Space crashes on the ground
In Flipside 32, Sean Blair considers the threat from orbit junk left by half a century of flights into space. Designers now have to factor in the problem of orbital debris when working on new spacecraft, which means replicating high-velocity space collisions on the ground…
It is the speed, not the size, of space junk that throws up the real danger to spacecraft. The average impact at low-Earth orbit occurs with a relative closing speed of 50,000 km per hour (31,000 mph).
At such velocities a 1-mm metal (0.04 inch) particles strikes with the strength of a 22-caliber rifle bullet, while a pea-sized screw collides like a 180 kg (400-lb) safe falling at 100 km/h (60 mph). While objects larger than 10 cm (4 inches) can be tracked and manoeuvred around if needed, smaller items cannot be reliably detected – instead they have to be engineered for.
In an isolated hangar in NASA’s White Sands centre in New Mexico, gas guns fire 0.25 to 22 mm (0.01 to to 0.9 inch)diameter aluminium projectiles to speeds approaching 7 km per second (16,000 miles per hour). Officially known as the Hypervelocity Impact Test Facility (HIT-F), its purpose is to simulate orbital collisions, and test spacecraft materials to destruction.
The destructive potential of space debris is spelled out in kinetic energy equation E=1/2 mv^2, where ‘E’ stands for energy, ‘m’ for mass and ‘v’ for velocity. What the equation shows is that energy increases with the square of the speed – so an object moving three times faster than another object of equal size will possess nine times more kinetic energy.

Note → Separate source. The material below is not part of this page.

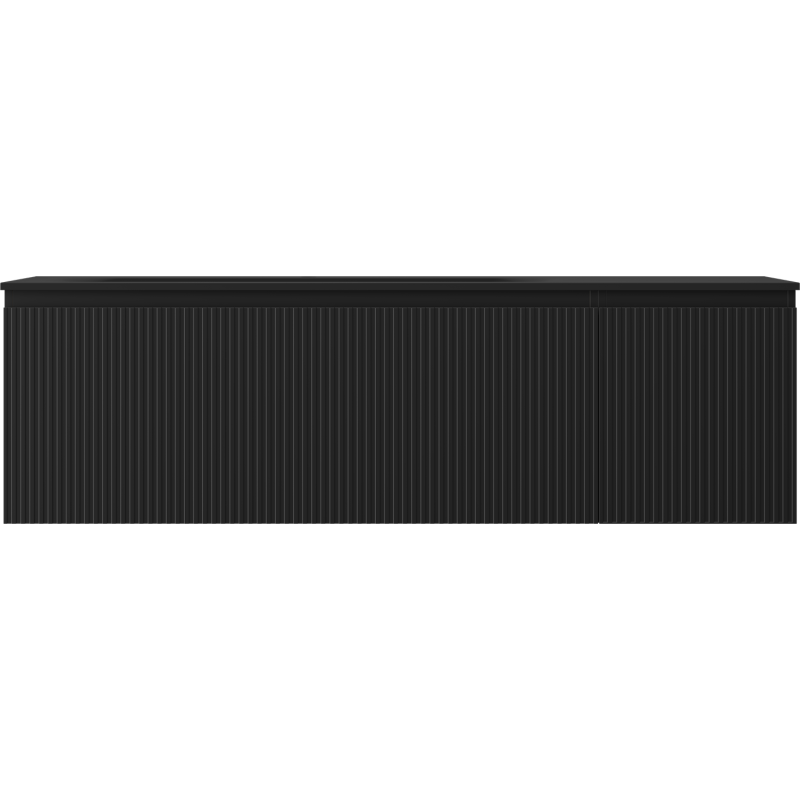Mexen Rivel koupelnová skříňka 160 cm s umyvadlem Vela levá, 1S, 1D, rýhovaná, černá mat - 91A23-16047-3-BBFF71-W23L71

Like rockets, the gas guns used at White Sands work on a multi-stage basis. The first stage is a cylinder filled with hydrogen, which is compressed by exploding gunpowder. The hydrogen pressure reaches hundreds of square kilograms (pounds) until a disc at the other end of the cylinder gives way, injecting pressurised hydrogen into a vacuum-pumped second stage. This propels the projectile towards its target at the far end of the barrel. High-speed cameras image the impact at a rate of two million frames per second.